Tagged Documents

Note: The original PDF should be used for entry and verification.

Parsers used to load the questionnaire into Archivist: parse_ncds_capi_txt and archivist_insert.

This method involves colour-coding the questionnaire elements and adding additional information about response domains, conditions, and loops in Word, and then labelling the colour-coded elements in Excel. Microsoft Word often becomes slow and glitchy when handling large documents, so save each section of the questionnaire in separate Word documents and combine them at the end once each section has been verified.
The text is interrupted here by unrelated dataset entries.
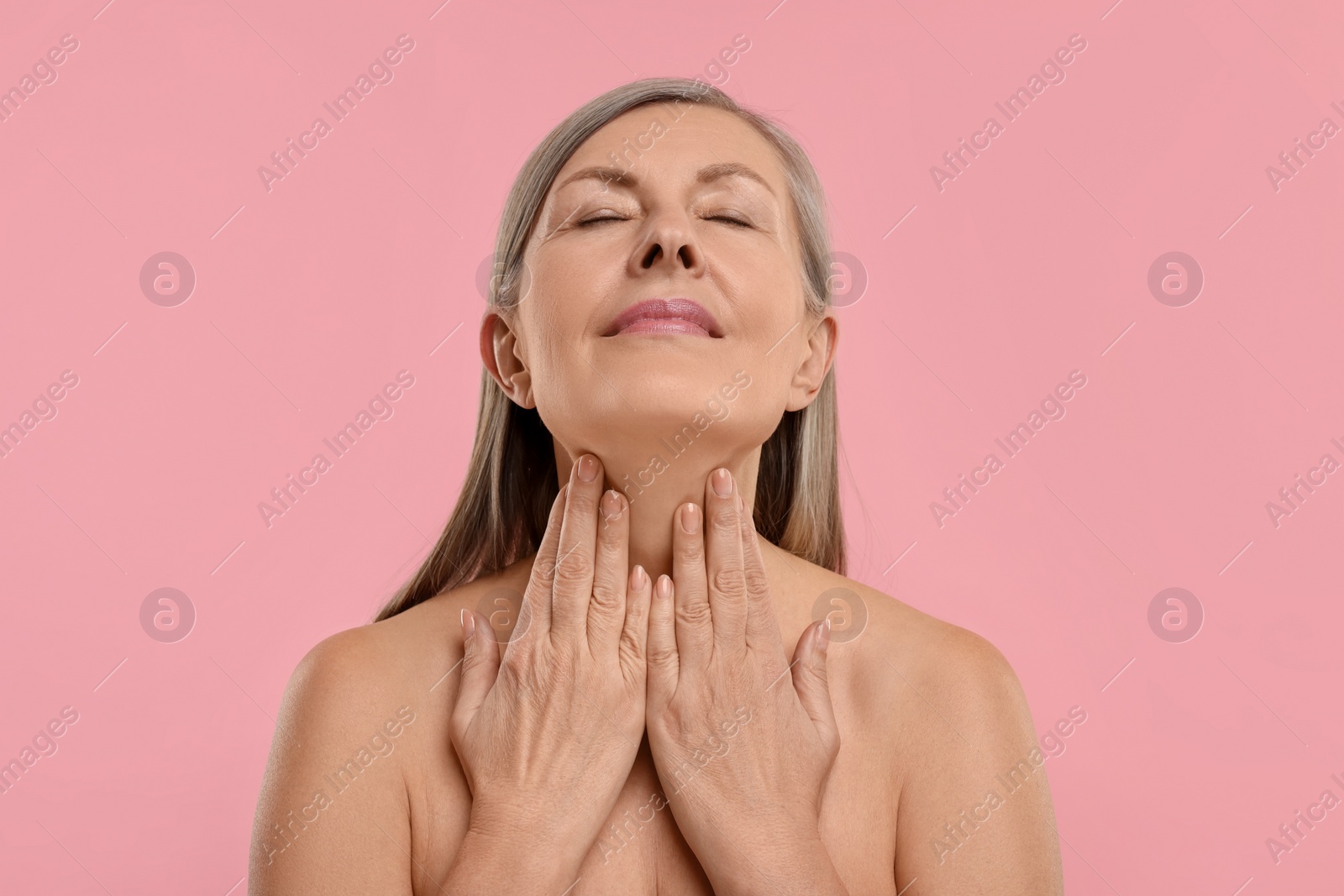 Photo of Beautiful woman touching her neck on pink background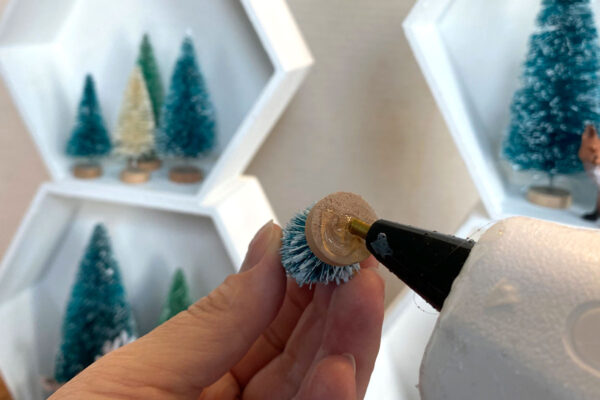 Putting hot glue on the bottom of a small tree.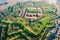 Aerial helicopter view of walls, moats, bastions, earthworks, outworks and barracks of six-star hexagon shaped renaissance fort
Copy and paste the questionnaire from the PDF into Word.
Remove “junk” from the questionnaire (e.g., help screens, derived variables, page numbers) and any line breaks or formatting errors that may have been introduced in the copy-and-paste process.
Colour code the elements of the questionnaire (e.g., change the font colour of all the code lists to yellow).
1. Brown = question label
2. Green = question literal
3. Red = instruction
4. Yellow = code list
5. Orange = response domain
6. Black = statement label
7. Pink = statement
8. Light blue = sequence
9. Dark blue = condition label
10. Purple = condition text
11. Grey = loop
  1. Whilst doing the colour-coding, move the question labels to a separate line before the question literal, and add labels for the other constructs also on a separate line before the construct (e.g., add condition labels to the line above the condition text, add statement labels to the line above the statement).
Tidy up the questionnaire (i.e., group all the instructions together; check for repeated labels and re-label accordingly).
Add information about the response domains. Format: Label,Type,Type 2,Format,Min,Max. See the readme on GitLab for formatting examples.
Add information about loops. Format: {label, _variable, start value (always “1”), end value (when provided)}. Note that loop whiles are added in Archivist, not at the tagging stage. See the readme on GitLab for formatting examples.
Add the CLOSER condition logic in curly brackets, and a condition label on a separate line above the condition logic. See the readme on GitLab for formatting examples.
Copy and paste the questionnaire into Excel:
1. Add a new column of numbers in ascending order.
2. Filter the text by colour so it is grouped together by colour.
3. Add a new column for the element tags.
4. Tag the elements (e.g., add "question label" to the tags column for all the brown text, add "question literal to the tags column for all the green text, etc.).
5. Sort the numbered column ascending and apply it to all the text so that it is back in the order of the questionnaire.
Copy and paste the questionnaire back into Word using the text-only option. Save the document as a .txt file.
Send Becky the .txt file to parse the questionnaire into Archivist.
1. Open the parse_ncds_capi_txt GitLab page and upload the tagged questionnaire document to the tagged_input folder, deleting the existing file once the new one has been uploaded.
2. Run the GitLab pipeline, which will generate an XML file.
3. Run the XML file through archivist_insert.
4. Download the XML and import it into staging or build Archivist, ensuring that the questionnaire name and agency are correct.
5. Do a quick check to make sure it looks reasonable (see Checking parsed questionnaires before editing), and then load into the correct instance of Archivist.
Nest the questionnaire in Archivist as it is parsed in flat, add in the loop whiles (if there are any), and check for errors before it is passed on for verification.